2. Robert "Tractor" Traylor: NBA Player: Sadly, he recently passed away from a heart attack at the young age of 34.No longer playing in the NBA, he had 'taken his talents' (shout out to Le'Douche James) to Puerto Rico. This guy had big talent during his time at Michigan, was heavily scouted and left college to be picked #6 in the 1998 draft, but his full potential wasn't even CLOSE to being recognized as a professional. This is my favorite picture of him because first of all the uniform is just ridiculous--seriously, the Toronto Raptors have NEVER been taken seriously and this jersey proves why! And secondly, I think he MIGHT have been given a size "Small" when he needed an "XL". RIP Tractor.

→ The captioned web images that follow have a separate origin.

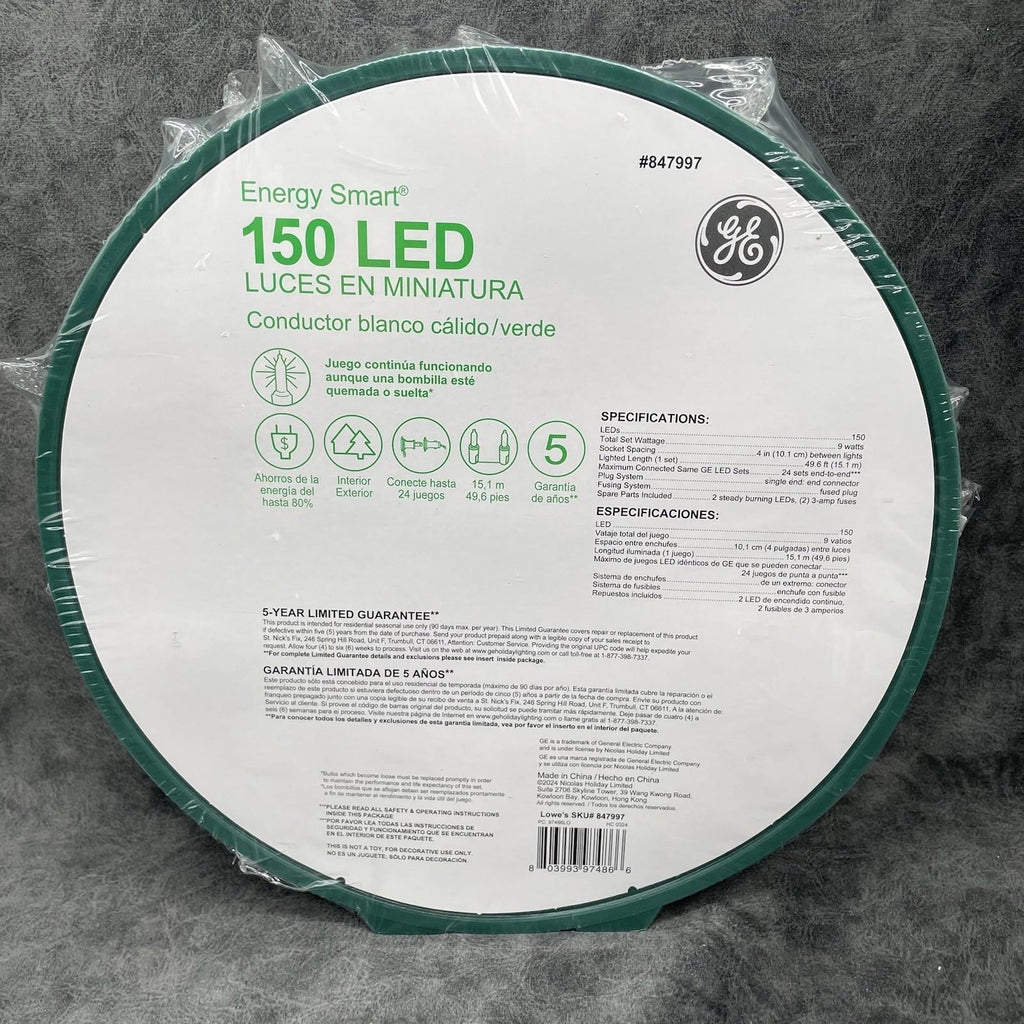 GE Energy Smart 150 - Count 49.6 - ft White LED Plug - In Christmas String Lights 97486LO - NEW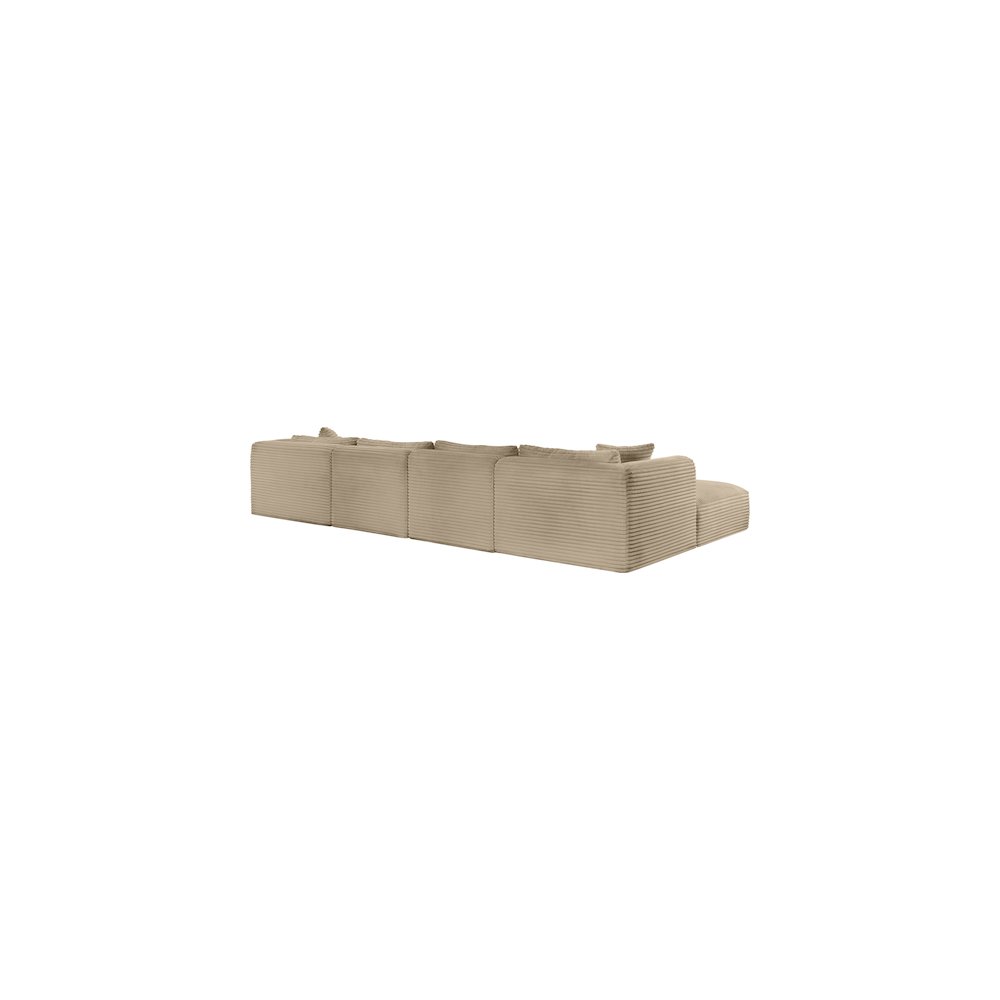 Shaggy Taupe Corduroy Performance Fabric Modular Sectional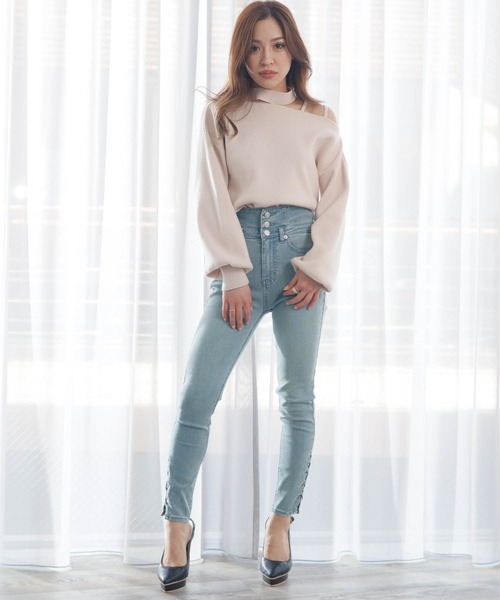 LIPSERVICE（リップサービス）の「サイドクロススキニ-denimパンツ（デニムパンツ・レディース・インディゴブルー/ブラック/ブルー系その他・S/M/XS）」の4枚目の写真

3. John Daly: Professional Golfer: Let me preface this by saying that I do not view golf as a sport. It is a hobby, a past time, and surely it does require skill, but so doesn't knitting, cooking, and painting, and none of those activities are considered sports. However, since many people DO consider it a sport, I have to include the biggest (literally) disaster of all time in this list. The man smokes like a chimney, drinks like a fish, and probably eats a full meal at least once an hour, so I can't believe he's even alive, let alone able to walk the golf course. I guess that's why they have carts----wanna bet his cart (and bag) are full of scooby snacks for the long walks between holes?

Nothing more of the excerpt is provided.